We are all undocumented now.

We Americans no longer have undeniable legal status in this country. Our rights, our organizations, our jobs, our health, our schools, our laws, our constitution—all are now provisional, subject to the whims of the White House tyrant who calls himself “The King.”

None of us can count on the power of citizenship anymore. The U.S. Constitution may say that all person born here are citizens. But the King says he may cancel the constitution by executive order. He says that citizenship is no longer our birthright. He may revoke it, for whatever reasons he wants.

He says he is only blocking the citizenship of those who are born here with parents with temporary visas, like students. He says he is only seeking to keep out the children of invaders or terrorists.

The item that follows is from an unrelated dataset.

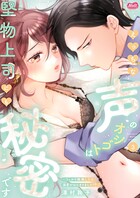 えっちな声のオシゴトは堅物上司にも秘密です 〜うっかり挑発したら溺愛がはじまりました！？〜【単行本】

Those who think this revocation only applies to today’s unauthorized immigrants are fooling themselves. The precendent the King is setting is clear: Any of us may be declared terrorists or invaders or children of same.  Any of us may be stripped of citizenship, jailed, deported. Your U.S. birth certificate is just another piece of paper. We are all undocumented now.

We used to have the confidence that came with knowing that Congress had appropriated the money that paid for some service, some program, or maybe your own government job.

But Congress’ appropriation power is constitutional and legal, and the King does not care what is constitutional or legal. The King and his billionaire friend fire people and shut down agencies no matter what the law says. Heck, they even close up independent nonprofits if they wish.

The government promised you money after the fires burned down your community? So what? That money is provisional—the King might give it to you, but only if you bow to him, and maybe enact laws to suppress your own votes.

You say the courts are making their rulings and will stop the “extralegal” federal actions. But the King says he does not have to obey the courts or the law because he is trying to save the country. He is ignoring and subverting rulings. He and his allies are seeking to remove judges who dare get in his way.

The King already owns the Supreme Court, which is now giving its due consideration to his obviously unconstitutional cancelling of birthright citizenship. It does not matter how the Court rules, because the Court has made clear that the King can ignore its own rulings. The Court already cancelled prosecutions of the King, allowed the King to run for president though he was barred by the plain constitutional rule that Insurrectionists are ineligible, and granted the King legal immunity for anything he does that may be deemed official.

The King may prosecute anyone who offends him. He went to the Justice Department and said as much.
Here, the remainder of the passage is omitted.